From left to right, Juan Leon, representating Congressman Steve Israel (2nd CD), Pat McMahon; sector vice president and general manager, Northrop Grumman Aerospace Systems Battle Management and Engagement Systems Division, Dr. Charles Rubenstein; director, IEEE Region 1, and Martha Sosnowski; regional assistant for U.S. Senator Kirsten Gillibrand (NY) following the unveiling of the bronze plaque honoring the Grumman-made Apollo lunar module [Northrup Gruman].
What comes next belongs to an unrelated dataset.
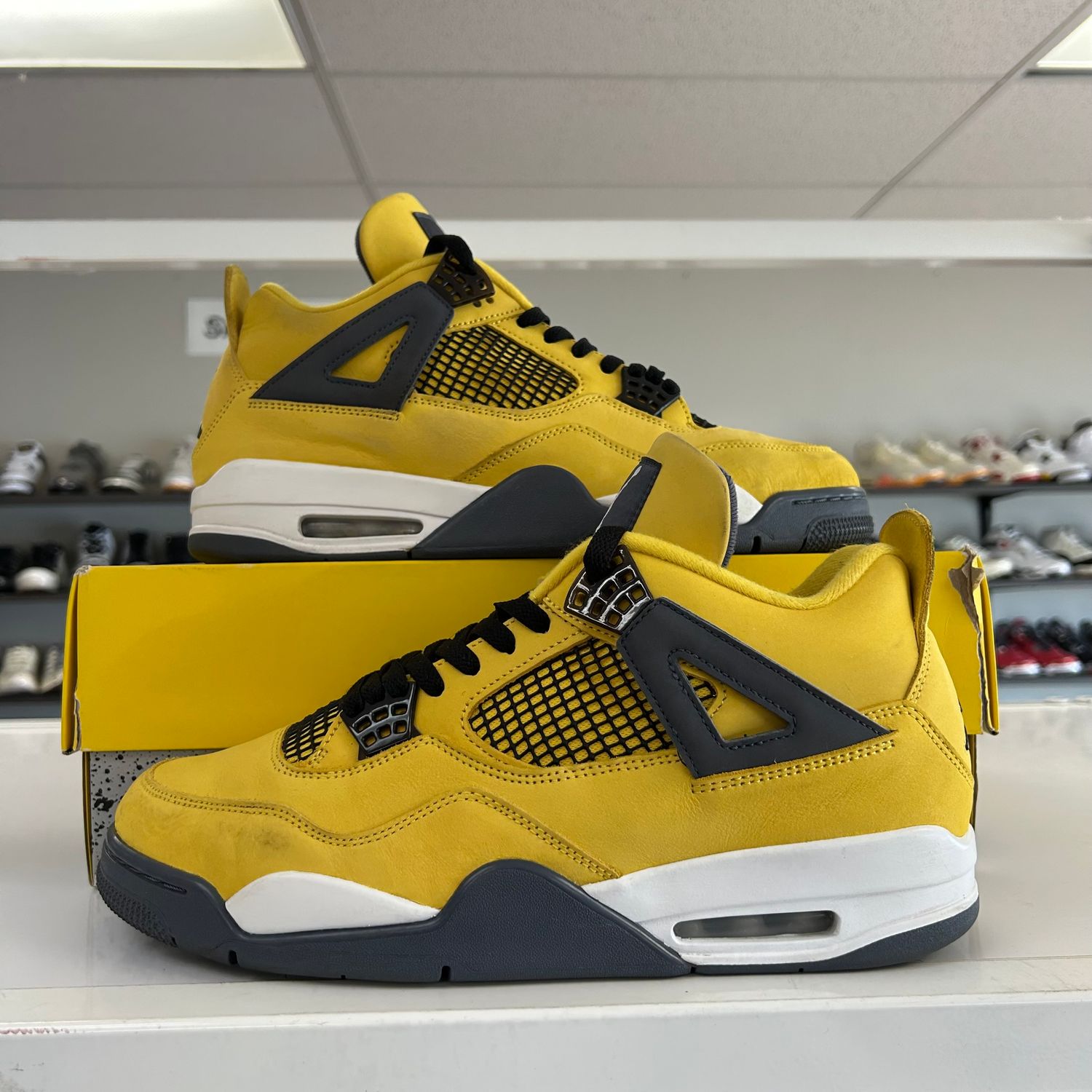 PO5 JORDAN 4 RETRO LIGHTNING (2021) (SX) SIZE 12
On the 42nd anniversary of Apollo 11 Commander Neil A. Armstrong's first steps on the moon's surface, Institute of Electrical and Electronics Engineers (IEEE), the world's largest technical professional association, today honored Northrop Grumman (NYSE:NOC) with its IEEE Milestone in Electrical Engineering and Computing award in recognition of the company's work on the lunar module.

The Apollo lunar module, America's first vehicle to enable astronauts to land on the moon and return safely to earth, was designed, developed and built by Grumman Corporation on Long Island. Between 1969 and 1972, six Grumman lunar modules carried 12 astronauts to and from the surface of the moon, including the famed Eagle which first carried Commander Armstrong and Lunar Module Pilot Buzz Aldrin to the Sea of Tranquility. They returned to Earth on July 24, 1969. One module – Aquarius – served as a lifeboat for three astronauts, Jim Lovell, Jack Swigert and Fred Haise, during the ill-fated Apollo 13 mission, which never landed on the moon but returned safely to earth.

The last lunar module to land on the Moon, Apollo 17's Challenger, photographed by Dr. Harrison Schmitt from their lunar rover in December 1972 [AS17-124-20508].

Read the Full Press Release HERE.


George Myers said...

Might want two "mm"s in Grumman for the entry title! I grew up there during it and was told no one had the "big picture" since it was made in many machine shops around Long Island, according to one assigned to coordinating their production. Legend?

Joel Raupe said...

Oops. (I knew better than that. It's been a long week.) Corrected.

Come to think of it, I vaguely remember having heard some mention of just that history, over the years, perhaps in spotlights on the development of the Ascent Stage bell, and perhaps also the materials research. The very definition of cutting edge technology in that time.

Still my all-time favorite space vehicle. Scrapping Altair is a matter of some grief for me.